Let P is a point on the line `y+2x=2` and Q and R are two points on the line `3y+6x=3`. If the triangle PQR is an equilateral triangle, then its area (in sq. units) is equal to

To solve the problem, we need to find the area of an equilateral triangle PQR, where point P lies on the line \(y + 2x = 2\) and points Q and R lie on the line \(3y + 6x = 3\). ### Step-by-Step Solution: 1. **Identify the lines**: - The first line is given by \(y + 2x = 2\). - The second line can be simplified from \(3y + 6x = 3\) to \(y + 2x = 1\).

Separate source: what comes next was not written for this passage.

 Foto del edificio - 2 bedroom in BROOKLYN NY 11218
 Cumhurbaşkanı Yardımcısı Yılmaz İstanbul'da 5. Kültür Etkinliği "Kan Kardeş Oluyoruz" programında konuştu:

Thus, we have: - Line 1: \(y + 2x = 2\) - Line 2: \(y + 2x = 1\) These two lines are parallel since they have the same slope. 2. **Find the perpendicular distance between the two lines**: The formula for the perpendicular distance \(d\) between two parallel lines \(Ax + By + C_1 = 0\) and \(Ax + By + C_2 = 0\) is given by: \[ d = \frac{|C_2 - C_1|}{\sqrt{A^2 + B^2}} \] For our lines: - Line 1: \(y + 2x - 2 = 0\) (thus, \(C_1 = -2\)) - Line 2: \(y + 2x - 1 = 0\) (thus, \(C_2 = -1\)) Plugging in the values: \[ d = \frac{|-1 - (-2)|}{\sqrt{2^2 + 1^2}} = \frac{1}{\sqrt{4 + 1}} = \frac{1}{\sqrt{5}} \] 3. **Understanding the triangle PQR**: Since triangle PQR is equilateral, all sides are equal, and the height can be calculated using the formula for the height \(h\) of an equilateral triangle in terms of its side length \(s\): \[ h = \frac{\sqrt{3}}{2}s \] The height of the triangle is also equal to the perpendicular distance between the two parallel lines. 4. **Set the height equal to the perpendicular distance**: Therefore, we have: \[ \frac{\sqrt{3}}{2}s = \frac{1}{\sqrt{5}} \] Solving for \(s\): \[ s = \frac{2}{\sqrt{3}} \cdot \frac{1}{\sqrt{5}} = \frac{2}{\sqrt{15}} \] 5. **Calculate the area of the equilateral triangle**: The area \(A\) of an equilateral triangle is given by: \[ A = \frac{\sqrt{3}}{4}s^2 \] Substituting \(s = \frac{2}{\sqrt{15}}\): \[ A = \frac{\sqrt{3}}{4} \left(\frac{2}{\sqrt{15}}\right)^2 = \frac{\sqrt{3}}{4} \cdot \frac{4}{15} = \frac{\sqrt{3}}{15} \] ### Final Answer: The area of triangle PQR is \(\frac{\sqrt{3}}{15}\) square units.